Utandırmak; bireyin kırılması, incinmesi, rencide olması demektir.
Utandırmak; kişiyi yalnızlığa itmek, ötekileştirmek, değersizleştirmek hatta kişiliğinin ayaklar altına alınması demektir.
Utandırmak; küçük ya da büyük bir insanın toplum içindeki ilişkilerinin, çevresiyle olan bağlarının koparılması demektir.
Utandırmak; çocuğun ruhsal ve bedensel gelişimini baltalamak hatta yok etmek demektir. Çocukta var olan bilgi, birikim, beceri ve yeteneklerinin de giderek körelmesi, kaybolması demektir.
Çeşitli nedenlerle çocuk çevresine uyum sağlamakta zorlanabilir.
Kişisel özelliklerinden dolayı konuşmakta, karşılıklı iletişim kurmakta güçlük çekebilir.
Kişinin fiziksel özellikleri gereği davranışları, becerileri, başarıları, çalışma hızı ve çalışma şekli size göre daha yavaş veya daha değişik olabilir.
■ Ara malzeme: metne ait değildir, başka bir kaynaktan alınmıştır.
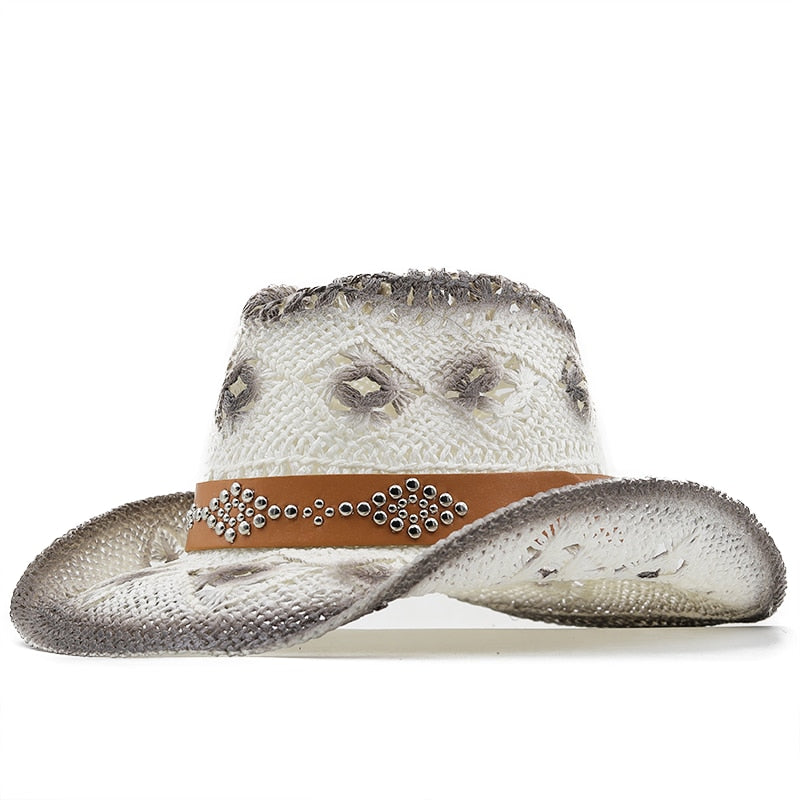 TILLIE Cowboy Hat in White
Yetiştiği çevre ve aile ortamına bağlı olarak giyim kuşamında farklılıklar olabilir.
Ya da gelenekleri ve dini inançları itibarı ile sizin ile çok farklı bir yapıya sahip olabilir.
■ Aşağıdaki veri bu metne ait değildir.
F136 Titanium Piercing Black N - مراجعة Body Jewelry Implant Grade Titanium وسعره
Hepsindenönemlisi çocuk; sizin arzuladığınız düzeyde kabiliyet ve beceriye sahip olmayabilir. Ya da fiziki yapısı itibarı ile istenilen başarıyı göstermeye uygun yeterliliğe sahip olmayabilir.
İster yaptığı iş, isterse hal ve hareketlerinde kusur veya hata olsun; bunlar asla olumsuz eleştirilerle çocuğun yüzüne vurulmamalıdır.
Çocuğun farkında olmadan sarf ettiği yanlış ya da hatalı bir sözden, farkında olmadan veya doğru bilerek yaptığı kusurlu bir davranıştan dolayıutandırılmamalı; mümkün olduğunca çocuğun incinmemesine dikkat ederek sohbet havasında doğrusu öğretilmeye çalışılmalıdır.
Çevresiyle olan ilişkilerinde; davet ve sohbetlerde, toplantılarda, misafirliklerde, selamlaşmalarda genel görgü kuralları anlamında her hangi bir hatası veya kusuru olduğunda ayıplayıcı bir tarzda değil, şefkat ve hoşgörü çerçevesinde yaklaşarak hata ve kusurları düzeltilmeye çalışılmalıdır.
İçinde yaşadığımız toplumun genel ahlâk kurallarına aykırı olsa dahi yırtık, yamalı, eski vb. kılık ve kıyafetinden dolayı da olumsuz eleştiri yaparak yaklaşılmamalı; uygun zaman ve uygun ortamda utandırılmadan gerekli rehberlik yapılmaya çalışılmalıdır.
Kusur ve hatalarının düzeltilmesi yönünde çalışırken çocuğa mutlaka sevgimizi hissettirerek yaklaşmalıyız. Burada dikkat etmemiz en önemli unsur çocuğun kişisel özellikleri mutlaka dikkate alınmalı, yapacağımız her çalışma, ağzımızdan çıkacak her kelime ya da her davranış çocuğa uygun olacak şekilde yapılmalıdır.
Ayrıca çocuğumuzun morali yüksek tutulmalı, en küçük başarıları bile asla göz ardı edilmeden tebrik ve takdir edilmelidir. Böylece çocuğun kendisine ve çevresine olan saygısının artacağı, yaptıkları ile gurur duyarak kendi özgüvenini kazanacağı unutulmamalıdır. “Utandırma, gurur duy”ilkesiyle hareket etmeliyiz.
Beğenilmek ve takdir edilmek çocuğumuzda sevgi, saygı, başarma azmi, çalışma şevki ve cesaretini de arttıracaktır.